Becoming an actuary is a long process that involves passing nearly a dozen credentialing tests over the course of about eight years. To help students prepare for all those multiple-choice questions, many actuarial science courses focus on facts and figures, but sometimes overlook abstract skills that actuaries also need.
“When they leave this campus they will find out that the answers to business problems are not found from a, b, c and d, which is exactly what all the actuarial science examinations say the answers are,” says Abe Gootzeit, assistant professor of actuarial science at Maryville University. “We need better interpersonal and strategic skills. We need to think more broadly and have a better business perspective.”
When it comes to the business side of the actuarial industry, few people have a deeper understanding than Gootzeit. His 40-year career recently ended when he retired from Reinsurance Group of America (RGA), where he was senior vice president. He has also been an industry consultant and formerly served as vice president of the Society of Actuaries.

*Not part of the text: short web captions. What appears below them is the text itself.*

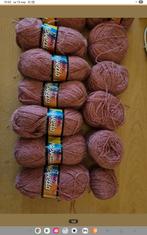 13,5 bollen 40 gram neveda 6,50, Hobby en Vrije tijd, Breien en Haken, Ophalen of Verzenden, Nieuw, Breien of Haken, Wol of Garen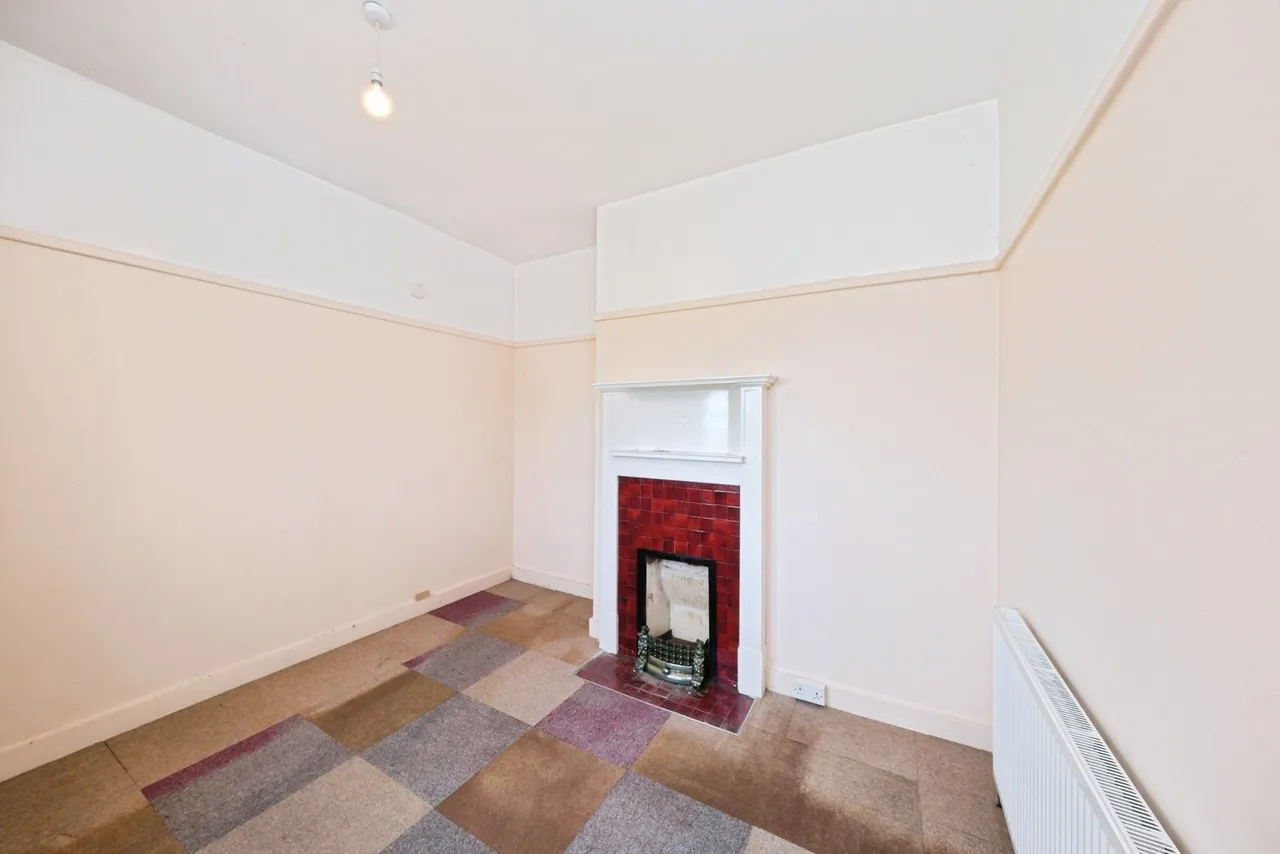 Langwith Drive, Langwith, Mansfield, Derbyshire, NG20, photo 15
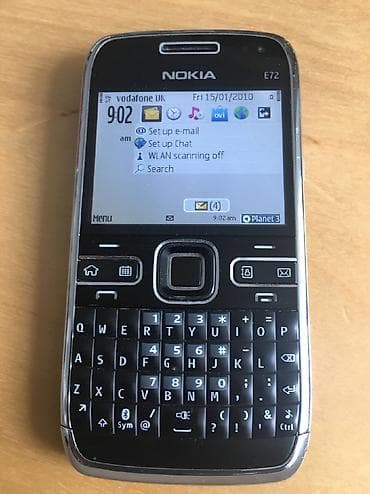 samsung tab e: E72 tan idial tezekimi prablemsiz telefondu idial ishdiyir originaldi — 1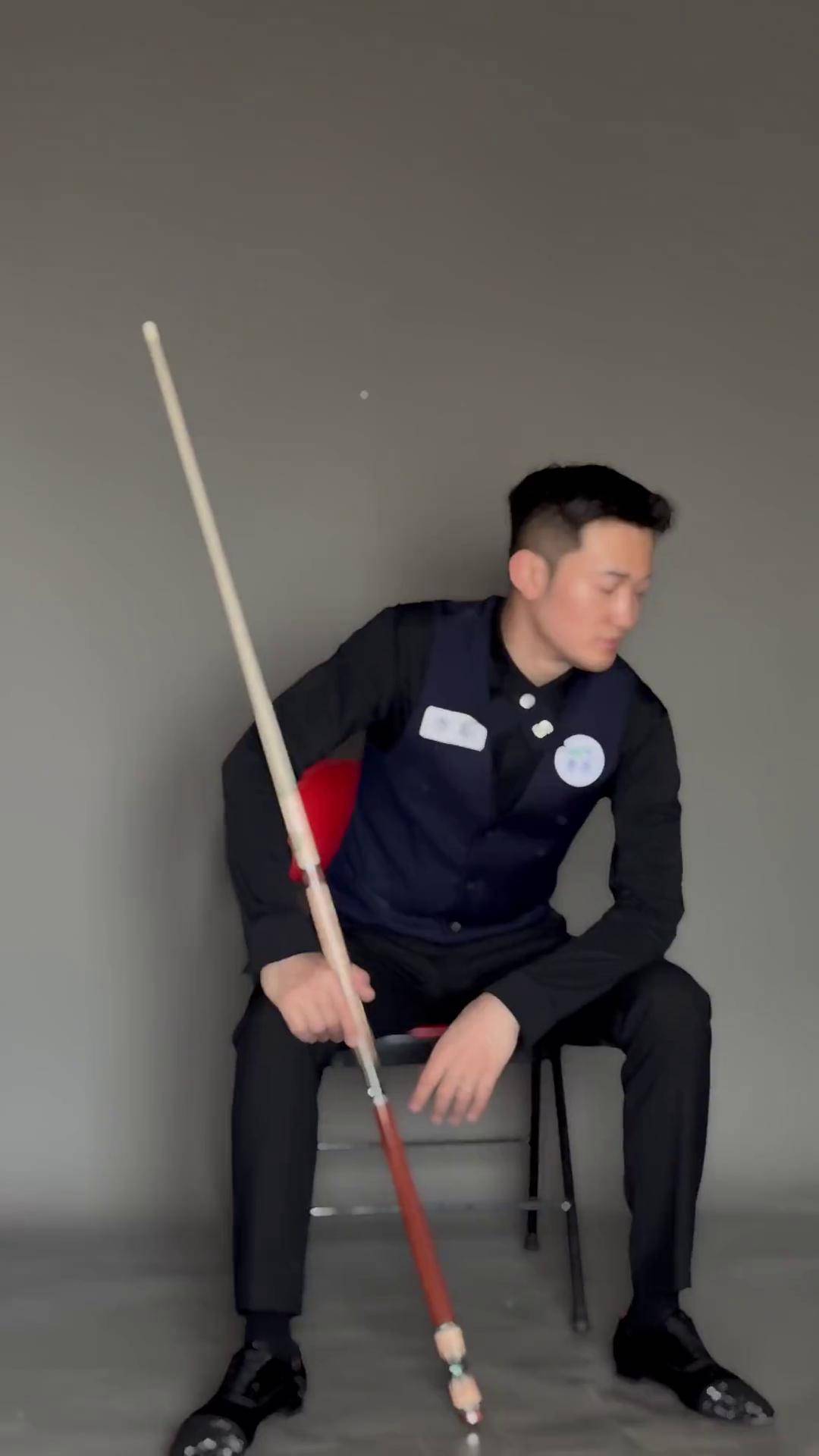 鲍恩的补时 鲍恩的补时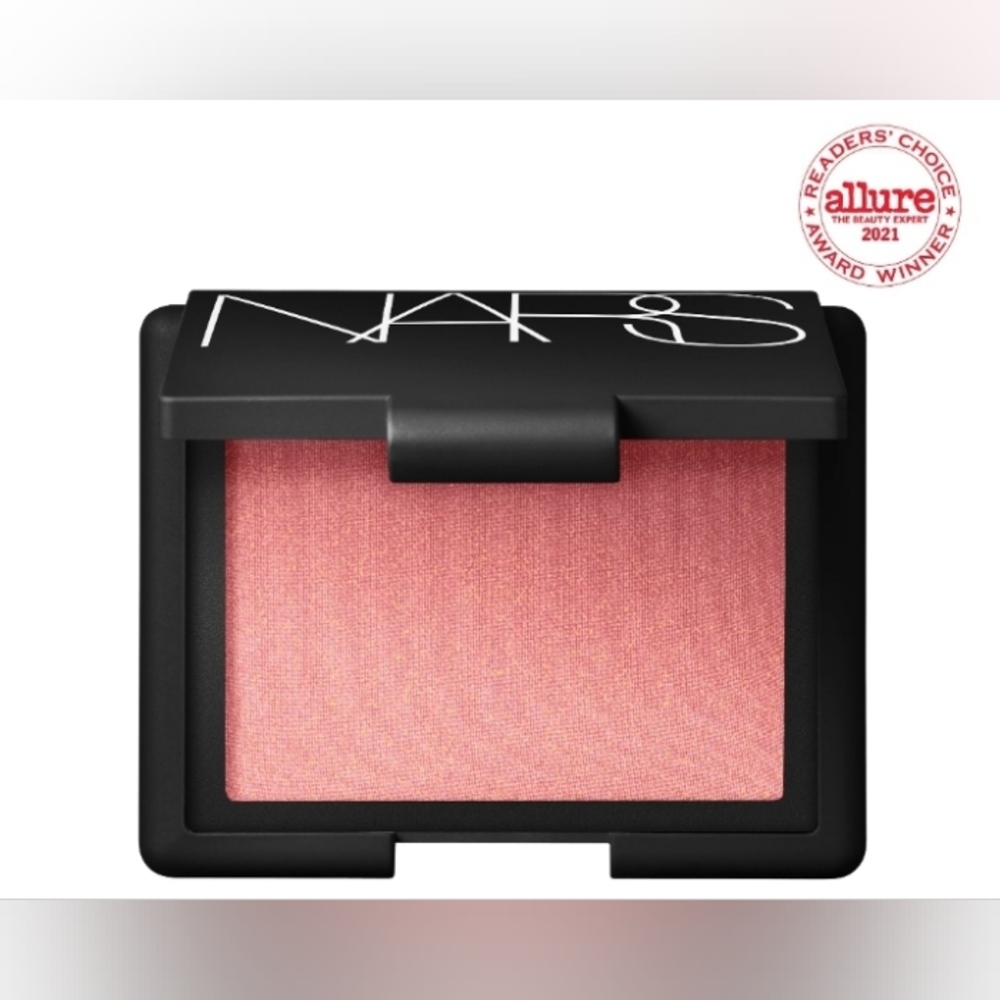 NARS Blush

Although Gootzeit hadn’t been on a college campus for four decades before joining Maryville’s faculty, his business experience has proven a powerful teaching tool. Whenever possible, he has students work in groups on projects that mimic real-world scenarios. For example, students in his Risk & Insurance class have determined the financial risks of Super Bowl advertising and of the Penn State scandal.
“When I learn from Abe, I don’t feel like I’m learning in a classroom. It feels more like I’m learning real-world skills in a job,” says senior Isaac Shields, an actuarial science major. (Gootzeit insists his students call him Abe.) “In a lot of classes, when high-level concepts are introduced you have to just hope you can understand the explanation as the professor gives it, but Abe almost always has very clear real-world explanations.”
To further help his students prepare for life after college, Gootzeit gives course credit for a LinkedIn profile, resume update and mock interview. He also asks representatives from Maryville’s Office of Career and Professional Development to speak with his classes.
“Abe also wants us to succeed as we start our careers after Maryville, and uses his courses to make us more well-rounded candidates for future internships and full-time jobs,” says senior Kristen Kenney, actuarial science major.
Gootzeit also leverages his industry contacts to bring heavy hitters to the campus for career days and to speak to his classes. His new senior-level course, “Topics in Actuarial Science,” features 12 industry leaders from around the country as guest lecturers.
“One of the strong contributions I can make is to bridge the gap between university and industry, and help them understand what it takes to be a really successful candidate as opposed to just a successful student,” Gootzeit says.